INFORMATION SHOWN =>
▬▬▬▬▬▬

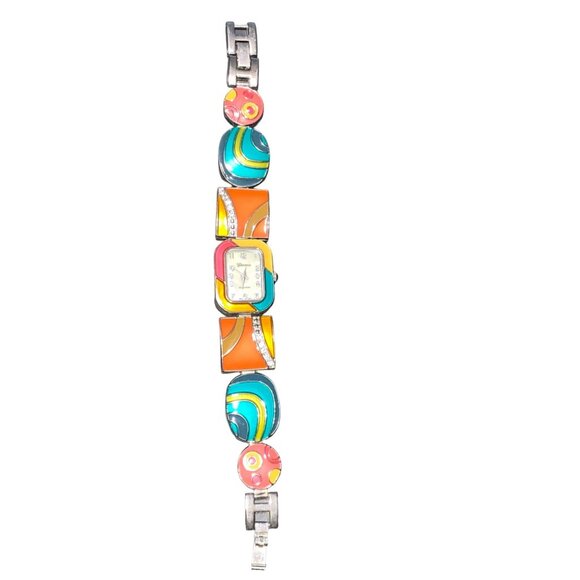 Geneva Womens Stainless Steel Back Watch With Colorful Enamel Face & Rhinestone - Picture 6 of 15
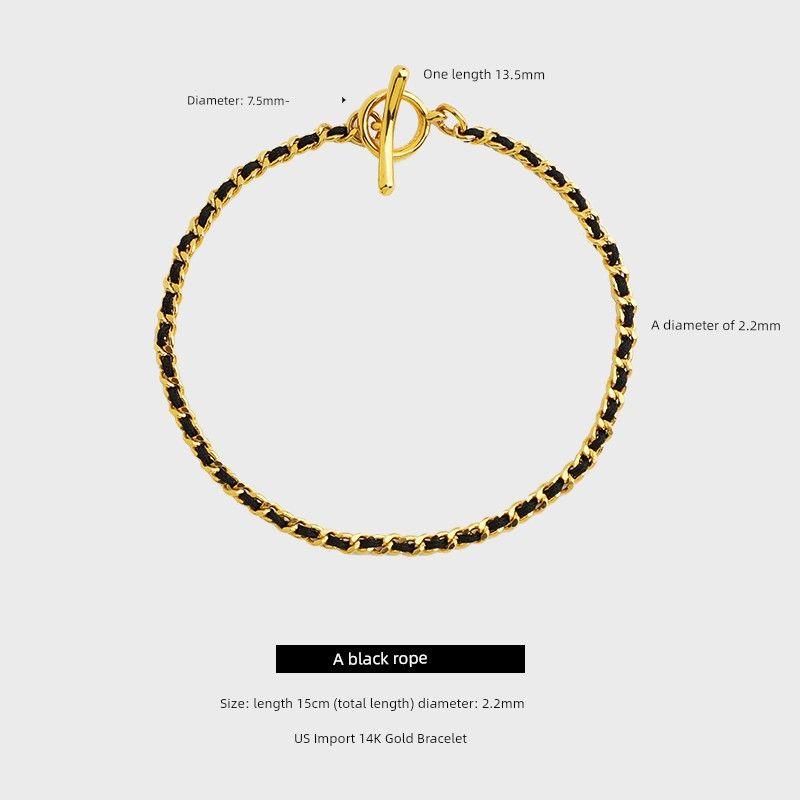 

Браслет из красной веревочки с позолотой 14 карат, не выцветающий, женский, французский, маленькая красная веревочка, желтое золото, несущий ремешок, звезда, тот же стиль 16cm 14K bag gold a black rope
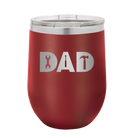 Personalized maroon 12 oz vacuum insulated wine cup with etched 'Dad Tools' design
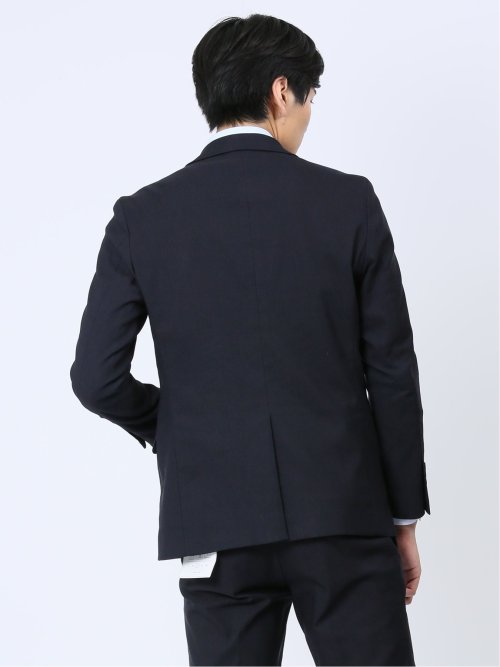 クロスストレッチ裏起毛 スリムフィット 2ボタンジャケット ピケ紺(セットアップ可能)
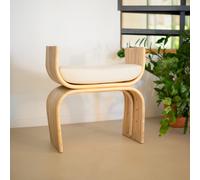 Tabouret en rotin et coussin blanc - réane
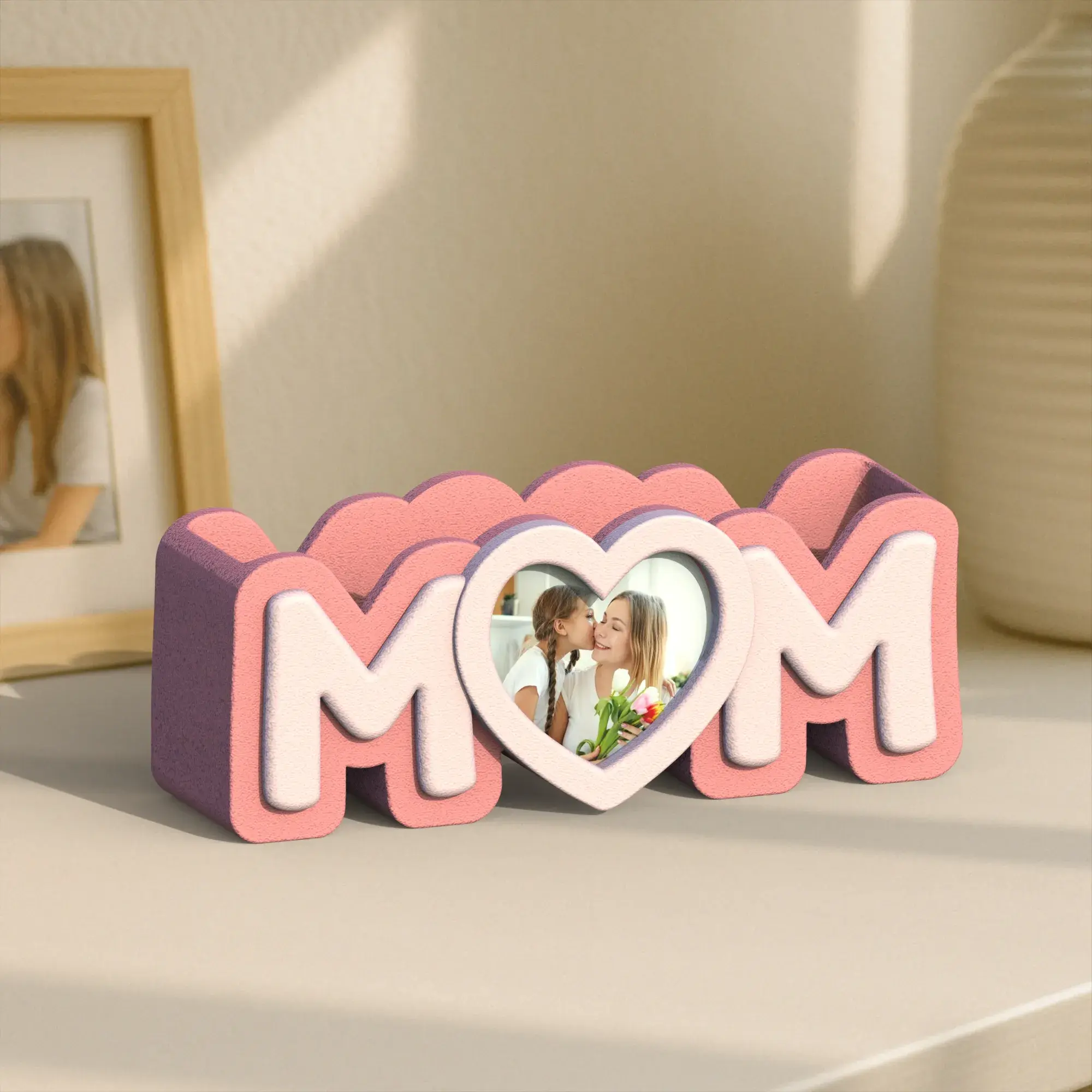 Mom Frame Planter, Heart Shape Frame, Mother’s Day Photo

▬▬▬▬▬▬

TASK => Only the lines from the one containing "Tabouret en rotin et coussin blanc - réane" through the last line of the records above should be repeated, exactly and without pictures.

EXERCISE RESPONSE =>
 Tabouret en rotin et coussin blanc - réane
 Mom Frame Planter, Heart Shape Frame, Mother’s Day Photo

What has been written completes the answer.